Tuesday, August 25, 2009

The Storyteller's Aesthetic Part One

Improbable Basterds- So I saw my big summer movie last night and it makes me a little sad, because it means that summer's almost over and Quentin's best wasn't all I'd hoped it would be. I'm sensitive to the fact that I don't want to spoil it for others, so I'm going to wait awhile before talking about it.

I've settled on The Storyteller's Aesthetic as a title to describe how I want to talk about American movies. It's a very unsexy label, but it helps me describe a decade that has no name.("The first decade of the 21st Century" appears to be the best we can come up with.)

I see the impressionists making commercials for Cialis and the storytellers struggling along, trying to Make It New, but forgetting all the lessons of the past.


Which reminds me: everyone should see "Breathless" the Goddard film that really turned everyone's head around in the 50's. Here's the thing about Goddard: every shot represents an idea. His cameraman has said that Goddard would be referencing dozens of films every time the camera changed position and would drive him crazy.

The Germans seem to take their storytelling very seriously. They have two words, which have to be loosely translated, which they use to categorise their entire oral tradition.

Here's what Wikipedia says:

"Märchen," loosely translated as "fairy tale(s)" (though fairies are rare in them) take place in a kind of separate "once-upon-a-time" world of nowhere-in-particular. They are clearly not intended to be understood as true. The stories are full of clearly defined incidents, and peopled by rather flat characters with little or no interior life. When the supernatural occurs, it is presented matter-of-factly, without surprise. Indeed, there is very little affect, generally; bloodcurdling events may take place, but with little call for emotional response from the listener.
"Sagen," best translated as "legends," are supposed to have actually happened, very often at a particular time and place, and they draw much of their power from this fact.

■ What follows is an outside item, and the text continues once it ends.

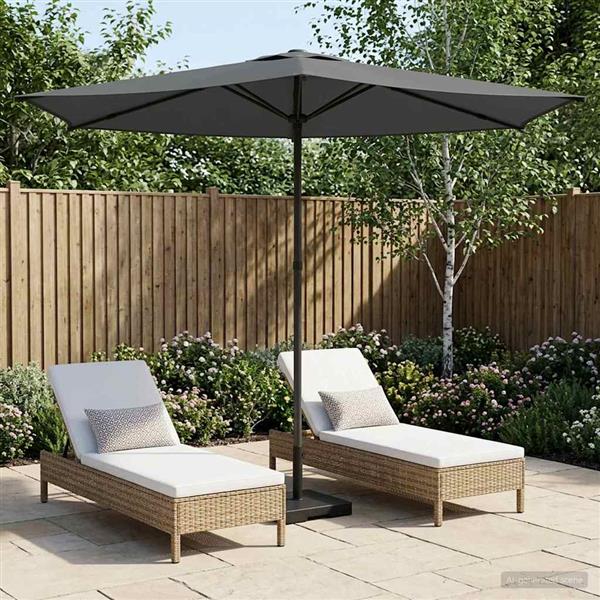 Grote foto vidaxl tuinparasol 270 x 270 cm polyester rechthoekig antracietkleurig tuin en terras overige tuin en terras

When the supernatural intrudes (as it often does), it does so in an emotionally fraught manner. Ghost and lover's leap stories belong in this category, as do many UFO-stories, and stories of supernatural beings and events.


So - without meaning to - I'm back to Impossible Basterds again: the movie starts with the letters "Once upon a time..." on the screen, which the audience takes as a joke, but is really a warning about the ending.


So let's see how this works in the movies: I'm thinking "The Lord of the Rings" and "Star Wars" are Marchen, or fairy tales, because the characters and events have no direct space/time relationship to us. But all Westerns and war movies and even horror movies are Sagen or legends, because they "draw much of their power" from their connection to us, here in real-time.

So there, I said it: Impossible Basterds starts off as a Sagen and ends up as a Marchen.